La mise en place de la réforme se heurte à des difficultés. L’accompagnement personnalisé « se limite le plus souvent au traitement de la difficulté, déconnecté du projet de l’élève ». » Les enseignements généraux liés à la spécialité, s’ils sont un peu mieux repérés que l’année précédente, ne sont pas mis en place dans nombre d’établissements et les professeurs qui ne savent pas en quoi ces enseignements consistent sont encore nombreux. » Pour les auteurs il souffrent d’une triple carence des établissements, de l’académie et de l’Etat. A beaucoup d’endroits, accompagnement et enseignements généraux liés à la spécialité sont simplement utilisés pour amortir au mieux l choc des restrictions budgétaires.

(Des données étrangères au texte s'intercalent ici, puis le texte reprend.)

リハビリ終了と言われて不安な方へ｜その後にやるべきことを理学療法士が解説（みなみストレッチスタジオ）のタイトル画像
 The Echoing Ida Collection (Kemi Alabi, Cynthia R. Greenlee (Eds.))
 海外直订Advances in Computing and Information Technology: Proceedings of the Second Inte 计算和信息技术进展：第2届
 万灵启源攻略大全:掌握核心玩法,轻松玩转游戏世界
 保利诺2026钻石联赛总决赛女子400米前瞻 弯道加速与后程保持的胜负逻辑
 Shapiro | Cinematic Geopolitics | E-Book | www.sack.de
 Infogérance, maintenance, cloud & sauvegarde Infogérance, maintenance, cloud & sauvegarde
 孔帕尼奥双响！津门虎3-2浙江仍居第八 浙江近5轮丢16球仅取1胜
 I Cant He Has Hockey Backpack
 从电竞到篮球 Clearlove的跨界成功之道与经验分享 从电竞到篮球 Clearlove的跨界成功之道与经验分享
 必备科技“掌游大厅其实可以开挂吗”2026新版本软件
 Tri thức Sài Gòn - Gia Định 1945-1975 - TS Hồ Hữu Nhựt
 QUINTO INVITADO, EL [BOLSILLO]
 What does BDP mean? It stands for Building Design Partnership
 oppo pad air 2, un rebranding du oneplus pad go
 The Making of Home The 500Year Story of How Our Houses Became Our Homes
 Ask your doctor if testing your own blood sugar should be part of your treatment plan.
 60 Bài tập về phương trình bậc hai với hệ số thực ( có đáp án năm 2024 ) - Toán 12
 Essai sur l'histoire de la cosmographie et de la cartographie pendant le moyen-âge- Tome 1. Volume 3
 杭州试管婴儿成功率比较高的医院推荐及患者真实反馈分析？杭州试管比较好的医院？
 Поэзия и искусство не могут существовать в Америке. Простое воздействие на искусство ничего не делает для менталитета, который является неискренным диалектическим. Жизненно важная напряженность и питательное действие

Mais les inquiétudes les plus fortes concernent les mutations dans les flux d’élèves. La rénovation de la voie professionnelle augmente-elle les sorties sans qualification ou au contraire les réduit-elle ? La voie professionnelle offre dorénavant deux niveaux : le bac professionnel en 3 ans et le CAP. Si l’orientation en fin de troisième vers la voie professionnelle stagne légèrement à la baisse, les entrées en CAP augmentent fortement puisqu’elles passent de 2 à 4% des sorties de 3ème. Les CAP semblent trouver leur public. Mais pour les autres jeunes, le risque d’exclusion s’est renforcé. Les inspecteurs ne le disent pas mais le rythme accéléré du bac pro. (3 ans au lieu de 4) le rend plus difficile pour certains élèves. A la fin de la seconde une proportion plus forte (un jeune sur 5) n’est pas admise en première. Que deviennent ces élèves ? » Un peu plus d’un jeune sur cinq ne passe pas en première et peu, parmi eux, reprennent un cursus en LP », note le rapport. « Pour les autres, toutes les hypothèses sont ouvertes : un autre cursus de formation pour les uns, l’abandon de toute formation pour les autres. Se joue là, en partie, la réussite du deuxième objectif de la rénovation : la réduction des sorties sans diplôme ». Les auteurs notent également que les passerelles sensées faciliter la mobilité fonctionnent à sens unique ou sont carrément folles. Certains établissements utilisent les passerelles pour prescrire des orientations impossibles (mais qui ont peut-être un intérêt local ?). En tous cas la réforme a tari le flux d’élèves qui à l’issue du BEP allaient en série STG.
Au final, la réforme de la voie professionnelle a séparé plus tôt les élèves sans qu’on n’ait de réelle clarté sur la façon dont se décide l’orientation de fin de troisième. Elle a séparé de façon plus déterminante les jeunes allant en seconde de ceux destinés à la seconde professionnelle. Celle-ci qui avait pu être un sas de remobilisation pour certain élèves est chargée de tant d’enjeux qu’une partie des jeunes sautent du train en marche. La voie professionnelle participe maintenant des la machine à exclure.